Dataset section:

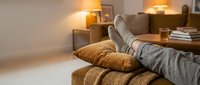 Person relaxing at home with feet up on cozy sofa in warm living room with soft lighting and moving boxes in background for relocation concept.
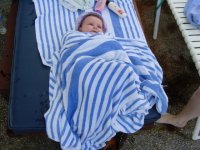Snuggled up in a towel after her swim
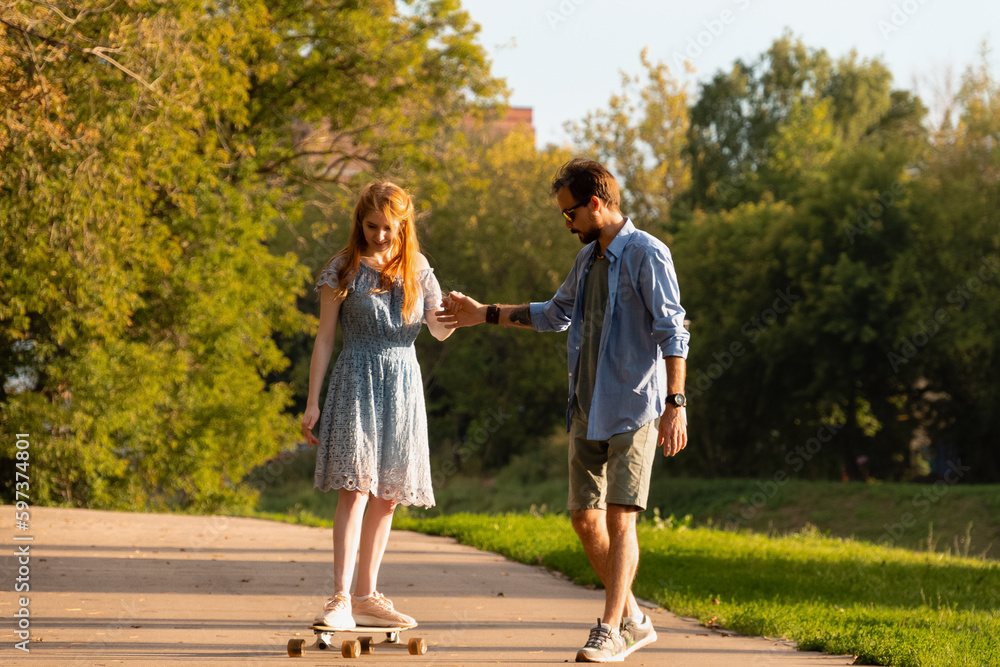 Young man embracing and helping girlfriend riding longboard on asphalt walkway between trees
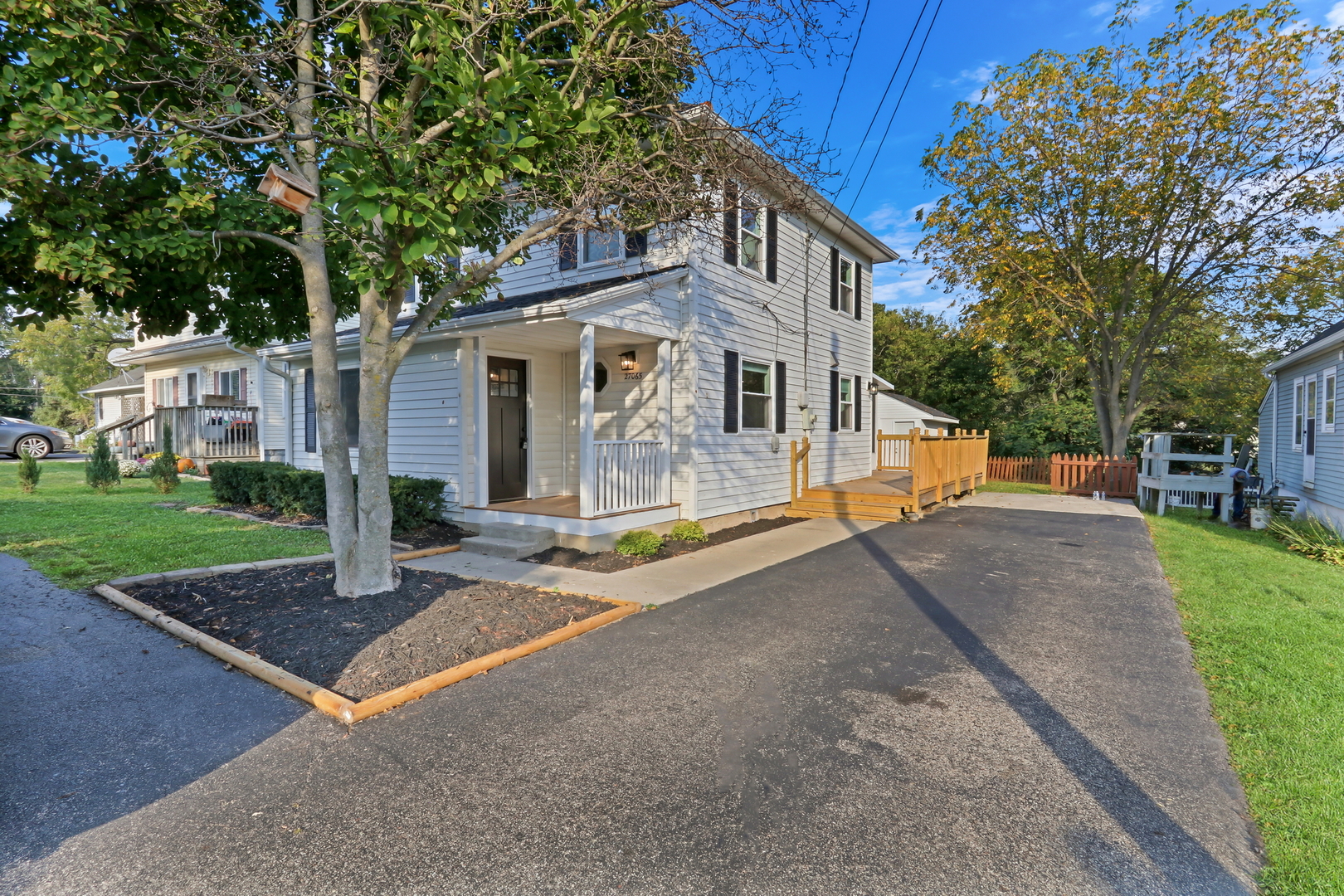 27065 North Ridge Street Wauconda, IL 60084 - Photo 3 of 33 a view of a white house with a yard and large tree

What the exercise asks:
Leave every picture out and copy precisely the lines from the one containing "Snuggled up in a towel after her swim" through the last line of the data above, both ends included.

Task solution:
Snuggled up in a towel after her swim
 Young man embracing and helping girlfriend riding longboard on asphalt walkway between trees
 27065 North Ridge Street Wauconda, IL 60084 - Photo 3 of 33 a view of a white house with a yard and large tree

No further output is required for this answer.